- EXERCISE DETAILS
Omit the pictures and extract only the lines from the line containing "The Executive Guide" to the end of the material, each exactly as written.

--------------------------------

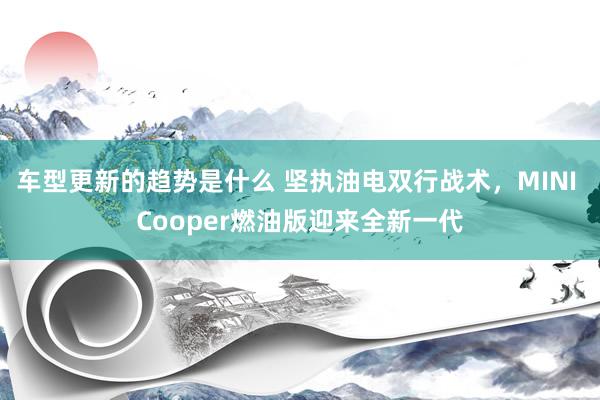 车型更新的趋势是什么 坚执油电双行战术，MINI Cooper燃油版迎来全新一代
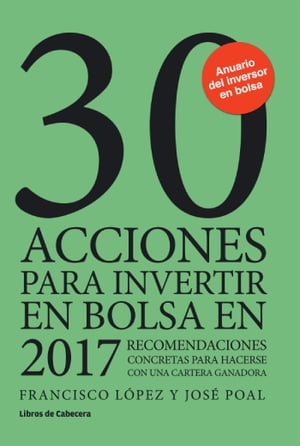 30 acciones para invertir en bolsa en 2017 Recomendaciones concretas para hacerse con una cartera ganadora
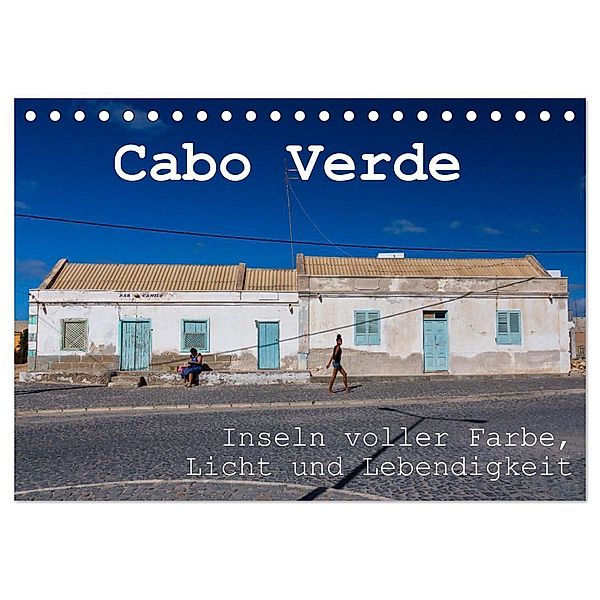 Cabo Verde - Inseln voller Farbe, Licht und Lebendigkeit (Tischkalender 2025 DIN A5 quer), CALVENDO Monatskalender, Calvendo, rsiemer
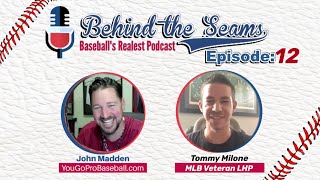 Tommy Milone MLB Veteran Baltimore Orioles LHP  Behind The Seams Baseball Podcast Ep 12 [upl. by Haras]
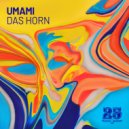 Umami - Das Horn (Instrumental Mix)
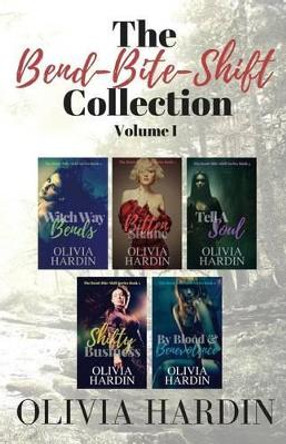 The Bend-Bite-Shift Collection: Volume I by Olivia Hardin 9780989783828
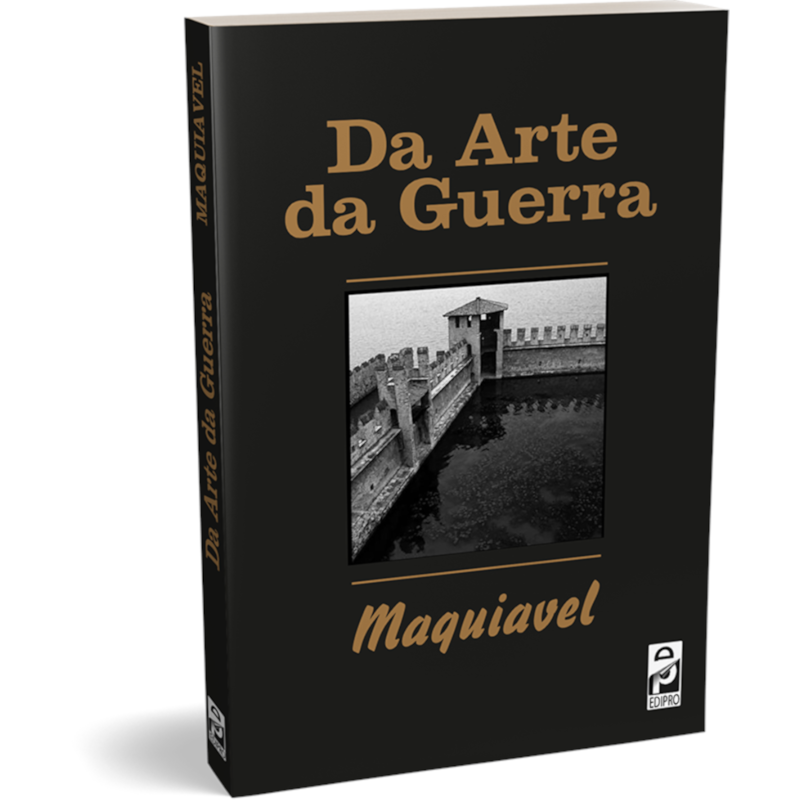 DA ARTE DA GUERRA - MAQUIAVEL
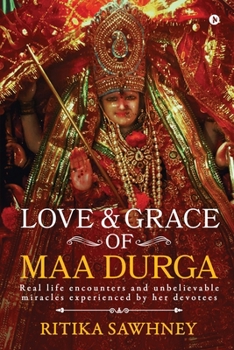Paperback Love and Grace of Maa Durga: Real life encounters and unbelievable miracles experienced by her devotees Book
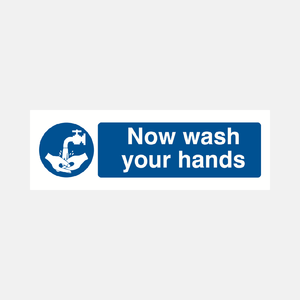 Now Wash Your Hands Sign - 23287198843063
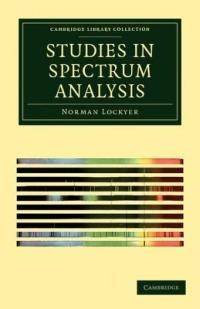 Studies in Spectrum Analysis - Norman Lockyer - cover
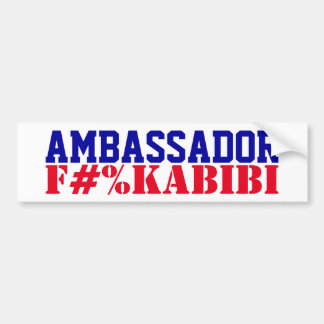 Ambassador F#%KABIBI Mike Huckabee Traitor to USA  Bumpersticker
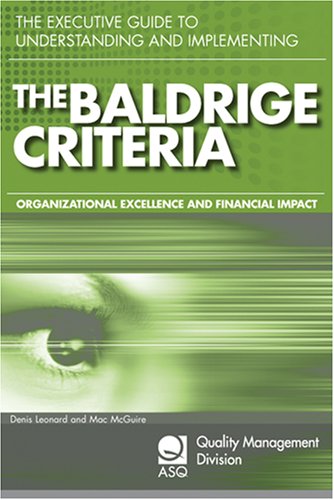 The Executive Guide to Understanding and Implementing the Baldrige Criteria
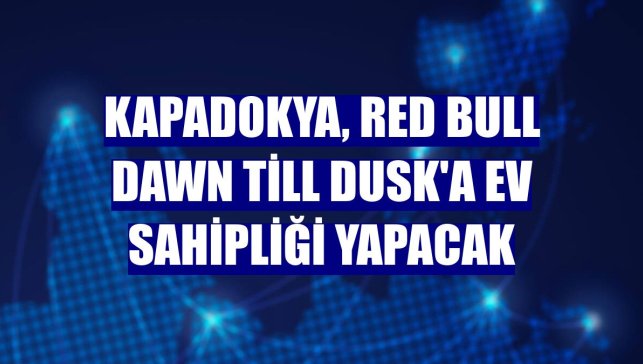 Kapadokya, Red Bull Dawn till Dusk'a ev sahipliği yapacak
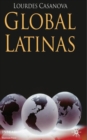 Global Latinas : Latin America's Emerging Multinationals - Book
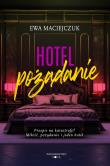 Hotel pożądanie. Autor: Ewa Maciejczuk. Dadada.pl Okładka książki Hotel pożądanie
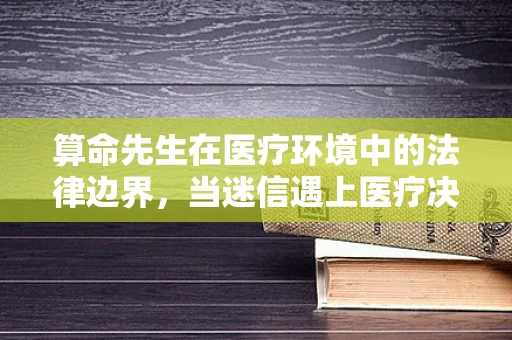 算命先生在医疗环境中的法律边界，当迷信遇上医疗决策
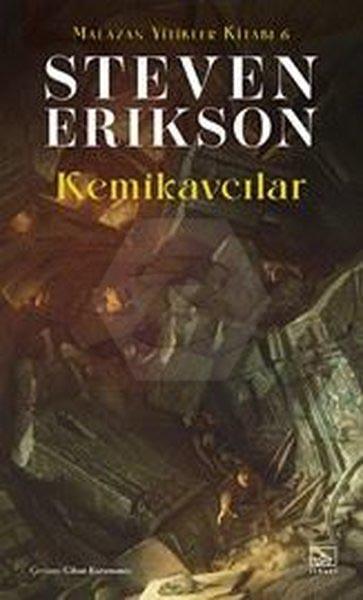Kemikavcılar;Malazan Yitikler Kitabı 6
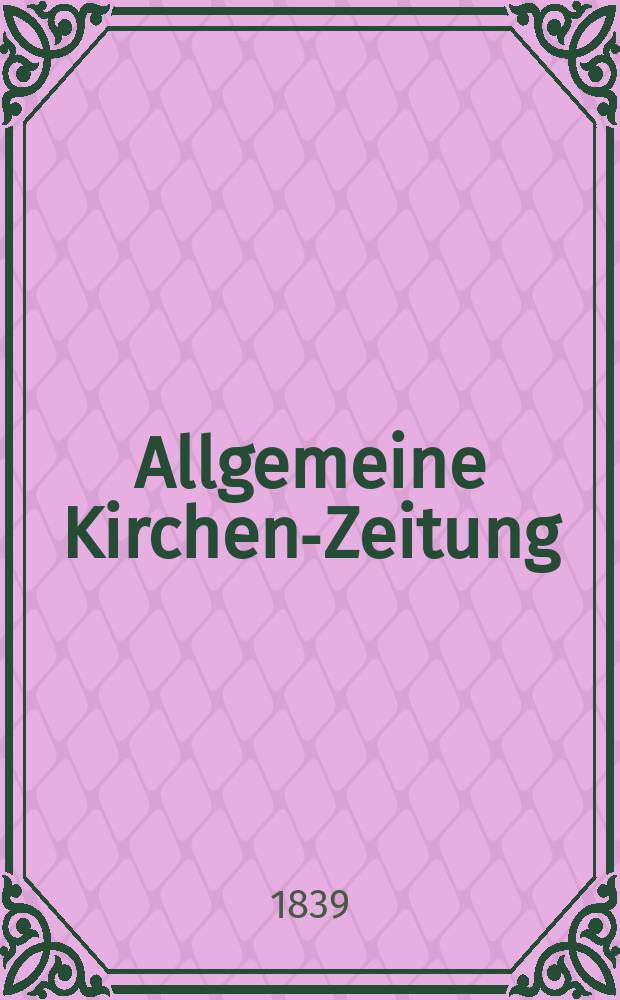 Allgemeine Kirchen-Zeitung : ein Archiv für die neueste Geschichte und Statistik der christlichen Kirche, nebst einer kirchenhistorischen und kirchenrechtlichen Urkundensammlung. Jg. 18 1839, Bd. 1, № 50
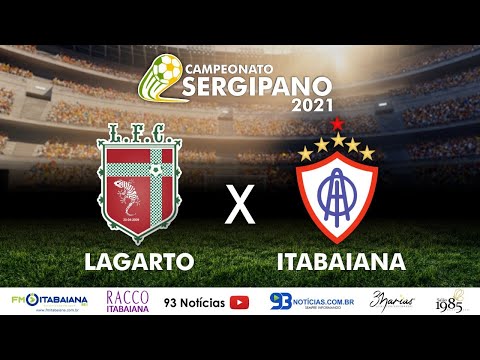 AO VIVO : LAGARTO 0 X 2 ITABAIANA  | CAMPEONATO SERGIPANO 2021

--------------------------------

- TASK ANSWER
 The Executive Guide to Understanding and Implementing the Baldrige Criteria
 Kapadokya, Red Bull Dawn till Dusk'a ev sahipliği yapacak
 Global Latinas : Latin America's Emerging Multinationals - Book
 Hotel pożądanie. Autor: Ewa Maciejczuk. Dadada.pl Okładka książki Hotel pożądanie
 算命先生在医疗环境中的法律边界，当迷信遇上医疗决策
Kemikavcılar;Malazan Yitikler Kitabı 6
 Allgemeine Kirchen-Zeitung : ein Archiv für die neueste Geschichte und Statistik der christlichen Kirche, nebst einer kirchenhistorischen und kirchenrechtlichen Urkundensammlung. Jg. 18 1839, Bd. 1, № 50
 AO VIVO : LAGARTO 0 X 2 ITABAIANA  | CAMPEONATO SERGIPANO 2021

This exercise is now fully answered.